There’s a section in the novel Life of Pi that shows how sadistic and absurdist
this so-called penal substitution theory really is.
In
Yann Martel’s novel, we find this: “Humanity sins but it's God's Son who pays
the price? I tried to imagine Father saying to me, 'Piscine, a lion slipped
into the llama pen today and killed two llamas. Yesterday another one killed a
black buck. Last week two of them ate a camel. The situation has become
intolerable. Something must be done. I have decided that the only way the lions
can atone for their sins is if I feed them you.' ... 'Yes, Father, that would
be the right and logical thing to do. Give me a moment to wash up'. What a
downright weird story. What a peculiar psychology.”
While
we should cringe at the horror of the execution, it’s Christ’s profound
capacity for nonviolence that we confront at the cross, and it’s the
perpetrators of violence that present a vision not of God but of unchecked political
power and organized brutality.
Denying
the cross for me would be like denying my drunken debaucherous past. Denying
the cross for us as a society and world would be like denying all the human
horrors of barbarity that litter our past and present. Accepting the cross as a
political but not spiritual fact and then denying the resurrection—that for me
sounds hopeless, like utter defeat. As magical as a literal cross and
resurrection with theological justification for both may appear to many modern
minds, for a Christian, I find faith and comfort there, and I find the
downgraded theories I encounter in the likes of Borg and Spong as somehow fake.
At
once too sensational and too sanitized, too supernatural and too sedated, like
processed meat at the supermarket that we’ll never know came from an animal
that bled and an animal that died. It’s not wrong to wonder how God allowed or
required Jesus to die, nor wrong to suggest that the political motives
underpinning the parlay between imperial power and inspired powerlessness
influenced the mode of execution or example made of this unlikely messiah.
It’s
not wrong to probe this profound story both philosophically and historically or
to confront it with the fullness of our God-given doubt and skepticism. But at
the end, I prefer to embrace the full robust drama and complete cosmic audacity
of Christianity, and some aspects of the liberal alternatives strike me as a
watered-down unwelcome detour.

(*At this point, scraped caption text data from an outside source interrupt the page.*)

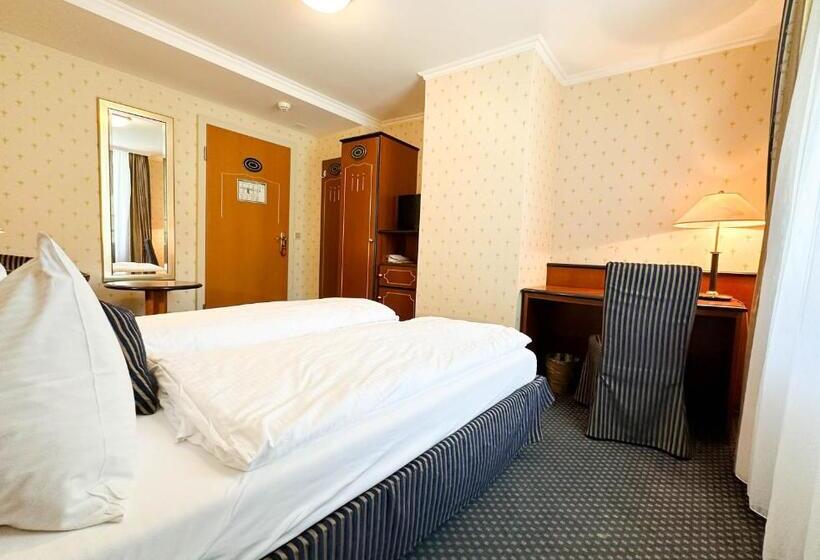 Quarto Economy, Dependance Stella Del Lago By Hotel Restaurant Bellevue Au Lac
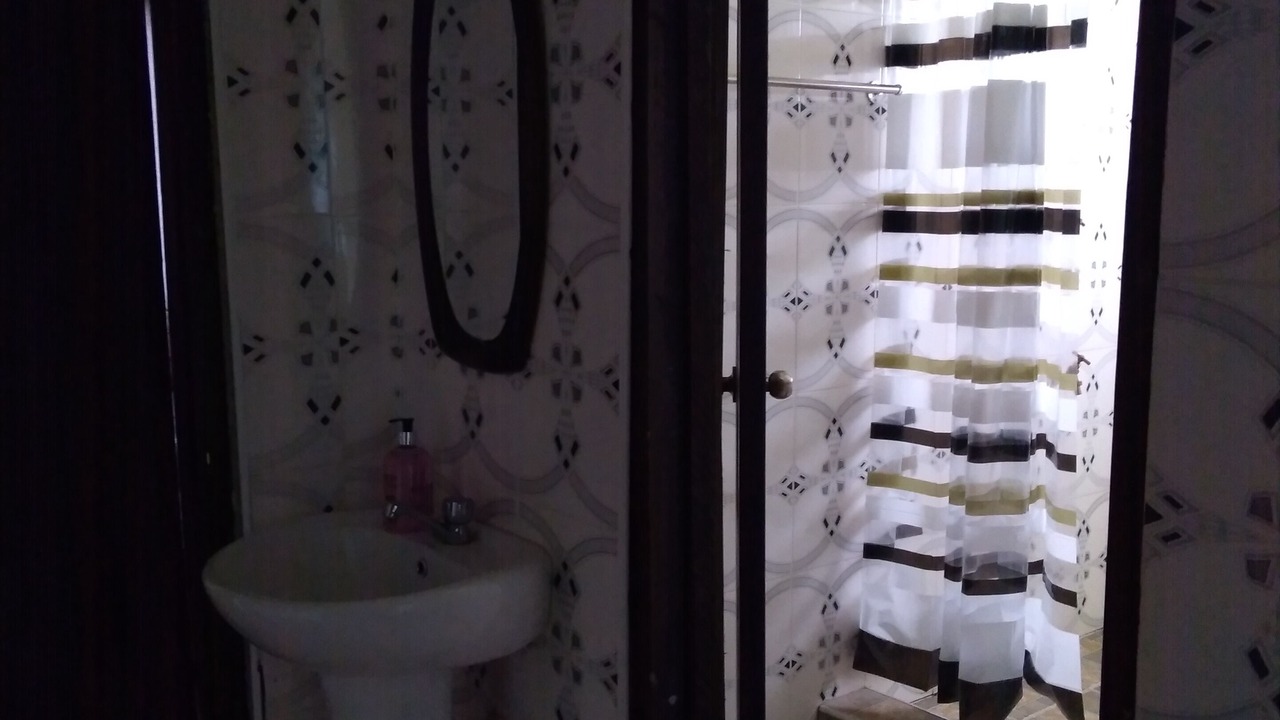 Photo of Bathroom in Pepease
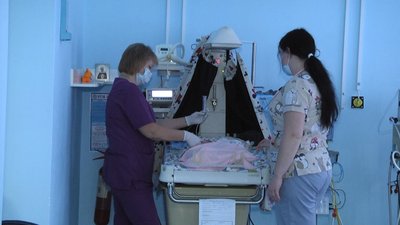 У Житомирі у відділенні реанімації новонароджених відкрили палати перебування матері і дитини У Житомирі у відділенні реанімації новонароджених відкрили палати перебування матері і дитини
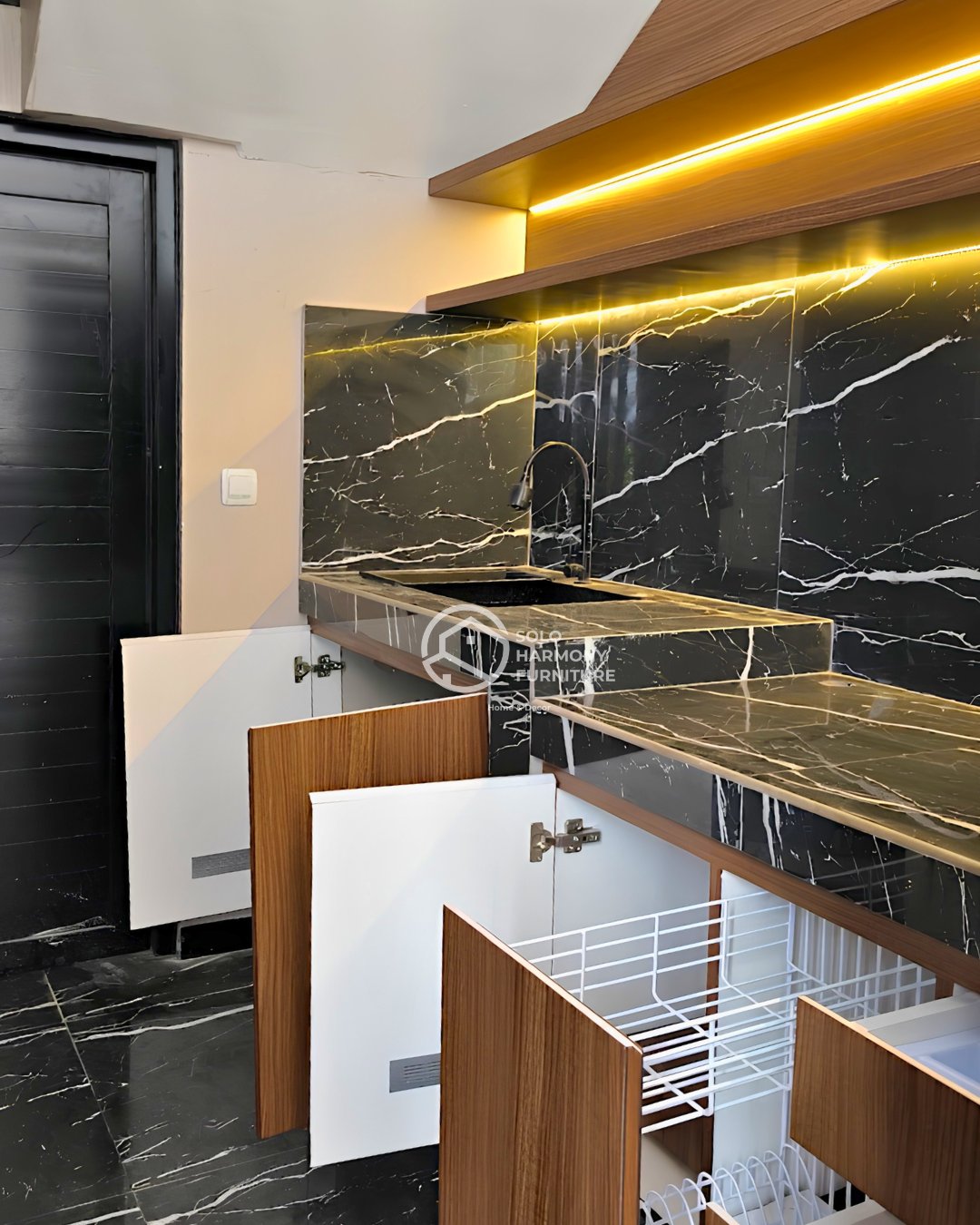 Custom Under-Stairs Kitchen Set — Kitchen Set foto 7 di Gajahan, Colomadu, Karanganyar
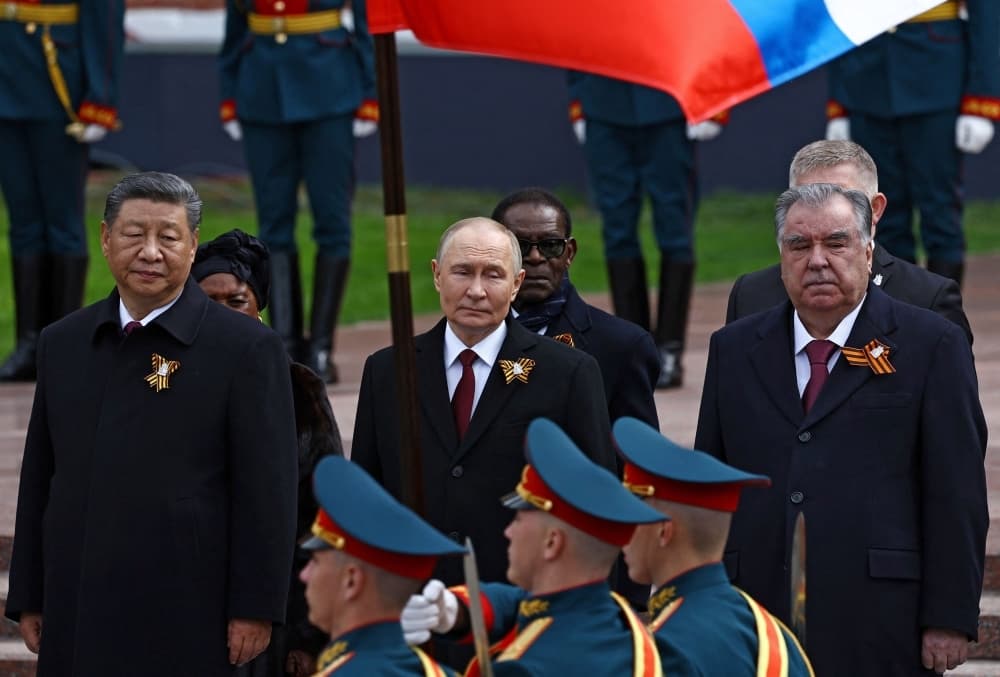 Zotimi i rusit: Putin e mban paradën, s’largohet nga Ukraina (VIDEO)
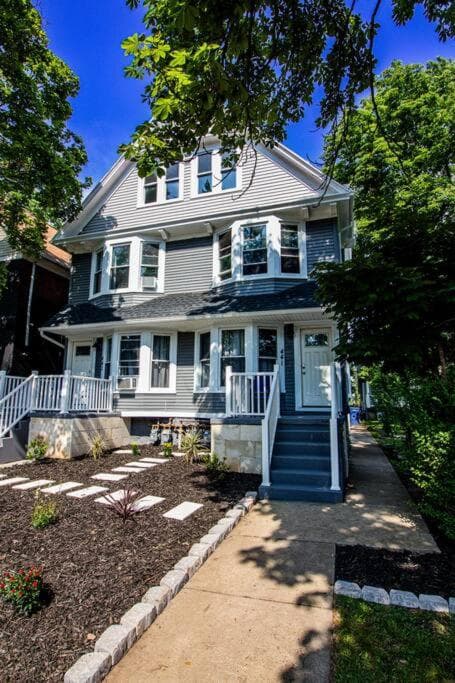 Modern 1 Bedroom Apartment close Falls and Casino
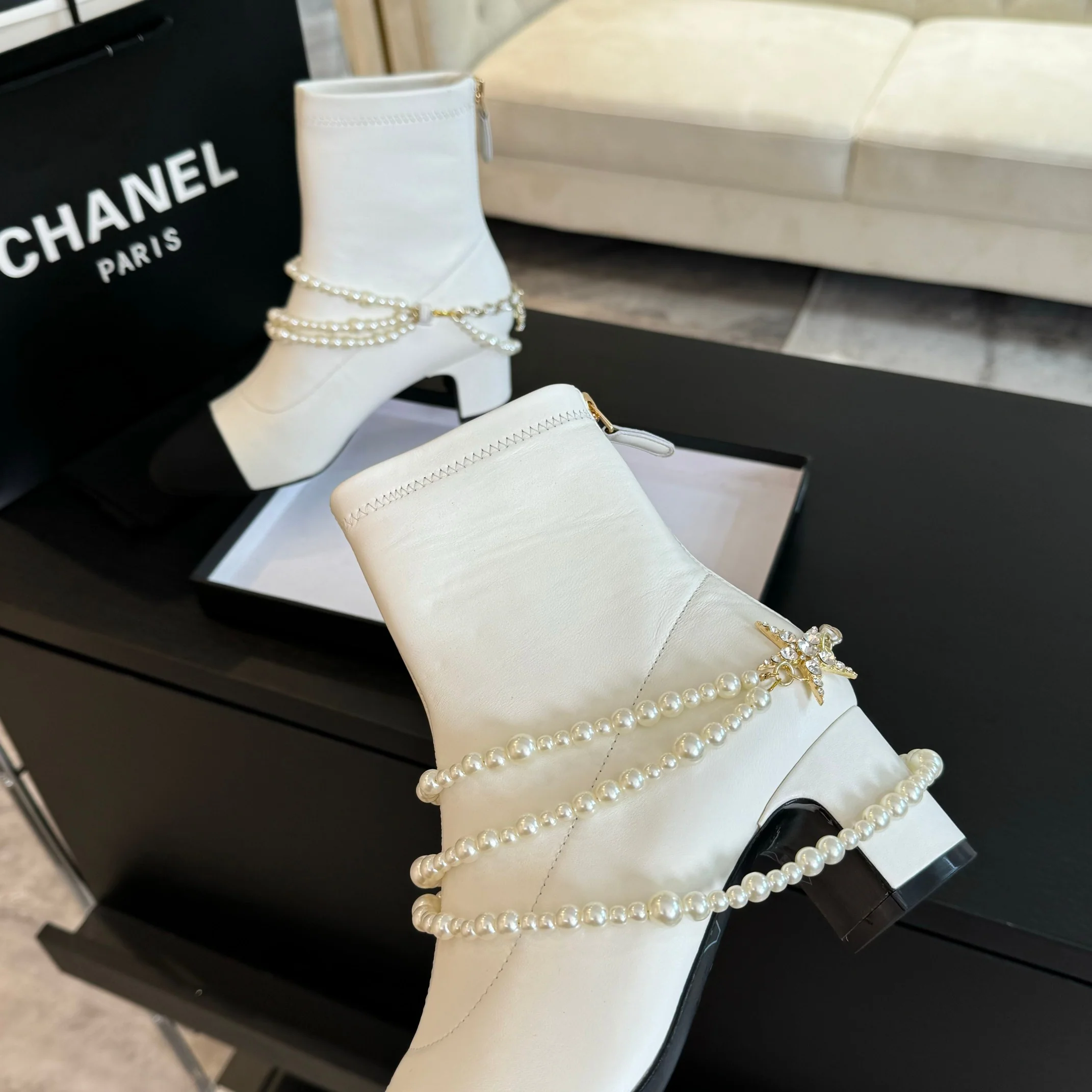Ботильоны Chanel 2024 с жемчужной цепочкой - белые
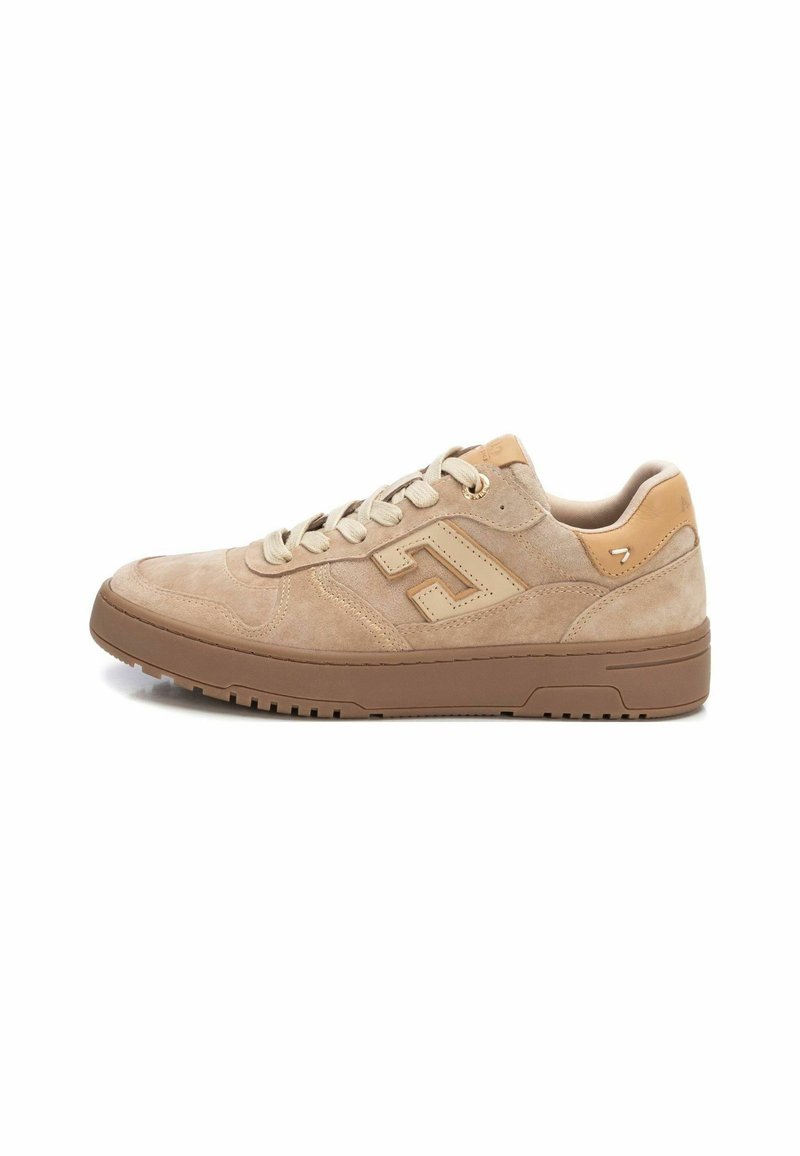 Chaussure en matière suédine beige avec accents marron, design à lacets et semelle en caoutchouc texturée. Bout arrondi et détail de marque subtil.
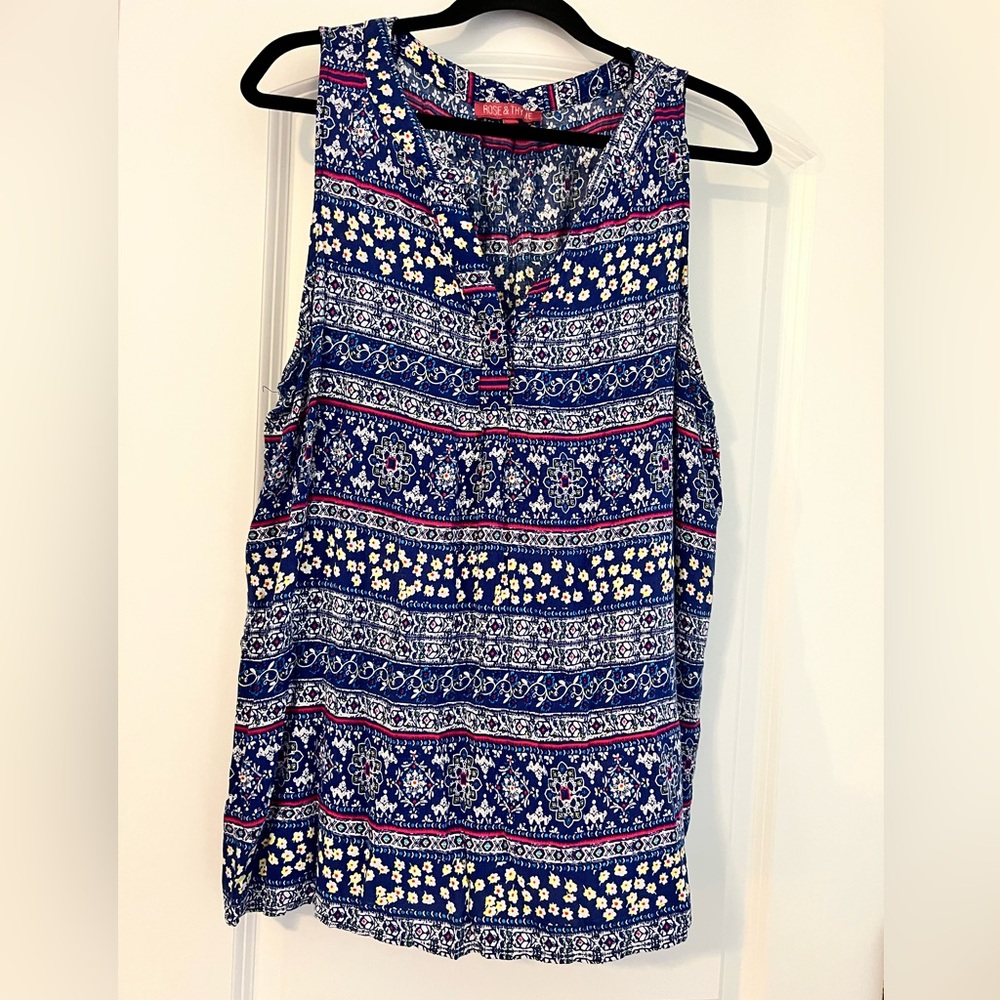 Navy Floral Sleeveless Tank Top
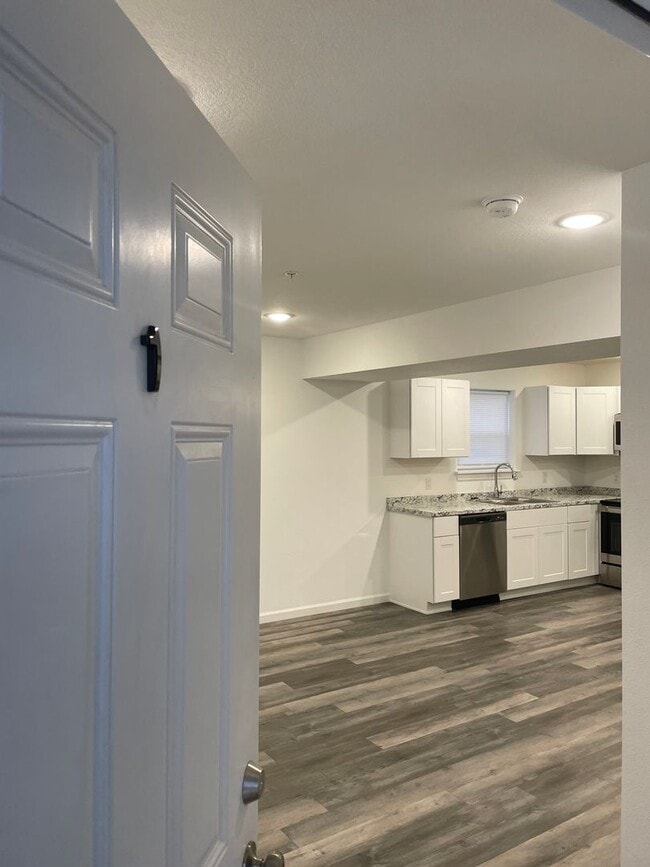 Building Photo - Townhomes Now Available in Strafford MO!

Sure, I am sober from alcohol today, but I am
not about to start drinking decaf coffee or embrace a decaf Christianity, a
bloodless cross without its bloody core.
To
suggest that blood is unnecessary or imply that death is optional—why? How
squeamish we are about an embodied savior, a bodily God, a human light &
logos because as man his death is not so much required or accidental but
inevitable, as all death is, even as compost, even as food, death as one of those
most essential ingredients to life.
Those liquor stores don’t sell “Wine and Spirits” by accident. The noted psychologist Carl Jung wrote the founder of Alcoholics Anonymous Bill Wilson a letter in 1961 that contained the following premise, “You see, ‘alcohol’ in Latin is ‘spiritus’ and you use the same word for the highest religious experience as well as for the most depraving poison.”
Perhaps all this helps explain why my theology is
surprisingly ‘conservative’ when it comes to sin and the atonement. As a
practicing alcoholic, I sought deeper doses of depravity as though drugged-out
decadence for its own sake was delight and not dirt. As a practicing alcoholic,
sins could not be sinful enough, bottoms could not be low enough, and many
bottoms had trap doors.
As a recovering alcoholic, I need a most powerful elixir to
transform my reality. I have found the blood of Jesus—on the cross and as grape
juice in a communion chalice—to be just that potion required. And I have also
experienced recovery—not just my own sobriety but the fellowship with others in
recovery—as resurrection. I feel truly born again. And for that, I give thanks
and credit not to an abstract concept of an ethereal out-there God, but to a
God with a body down-here, a body that hung on a cross and rose from the dead
as a radical testimony of hope, hope for everyone, for victims of war and
racism and addiction and more. Hope for a world without end. Amen.